En la década del 90 se privatizaron unas 30 empresas estatales y otros sectores estatales, que no eran considerados empresas, como rutas, puertos y aeropuertos. De allí surgieron unas 60 empresas privadas. El cambio en cuanto a manejo e introducción de tecnología (que estaba disponible, pero no se utilizaba) que se produjo en las empresas fue revolucionario y tuvo un formidable efecto sobre toda la economía, de crucial importancia en el caso de la telefonía, de la electricidad y de los puertos.
Las privatizaciones indujeron altas inversiones, muchas en sectores críticos, que actuaron como locomotora de la economía. El Tesoro nacional pasó de tener que subsidiar a las empresas (para cubrir inversiones y pérdidas operativas) a obtener ingresos tributarios. Sin duda, en lugar de reestatizar empresas y poner trabas a las que siguen operando, habría que pensar qué más se puede privatizar.

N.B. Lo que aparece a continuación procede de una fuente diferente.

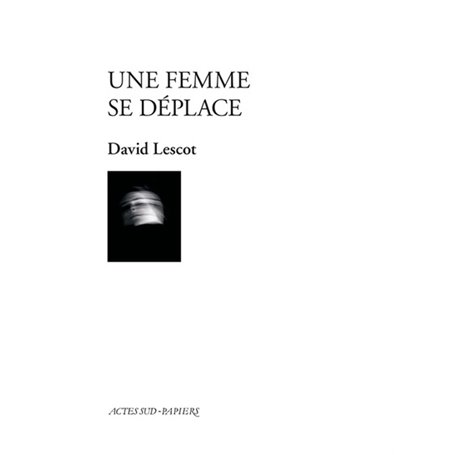 Une femme se déplace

Es fundamental que los funcionarios que deciden en materia de inversión pública piensen en términos de eficiencia, lo cual se refiere a tres aspectos: selección de las inversiones conforme a su prioridad; estudio de proyectos; financiación asegurada, y ejecución en plazo breve, conforme a un programa de camino crítico. Y que, además, piensen qué inversiones se pueden trasladar total o parcialmente al sector privado y cómo. Esto implica que no se emprendan más proyectos simultáneamente que los que se puedan financiar. De hecho, se hace lo contrario.
Es habitual que el costo de las inversiones públicas duplique en exceso el que debería ser o el que sería para una empresa privada. Yacyretá debió haber costado no más de 5000 millones de dólares y terminará costando más de 12.000 millones. El mayor costo sólo es en mínima medida por corrupción; la mayor parte es por intereses intercalares (por la demora en la ejecución), por costos improductivos y mala planificación. O sea, por ineficiencia.
Pero, aparte de eso, a nivel macroeconómico es importante seleccionar los proyectos por su eficiencia, dando prioridad a los que más promueven el crecimiento o dan mejor solución a problemas sociales. Las usinas de Barrancosa y Cóndor Cliff, previstas en el río Santa Cruz, son, de lejos, las peores en cuanto a costo de electricidad de una lista de una veintena que fue relevada por la propia Secretaría de Energía. El tren bala no se compara ni remotamente en cuanto a efecto económico con la renovación general de vías o el proyecto de trincheras para los ferrocarriles suburbanos. Y suma y sigue.
El tema da para mucho más. Parafraseando aquel famoso eslogan de la campaña electoral norteamericana de 1992, diríamos: "¡Es la eficiencia, estúpido!".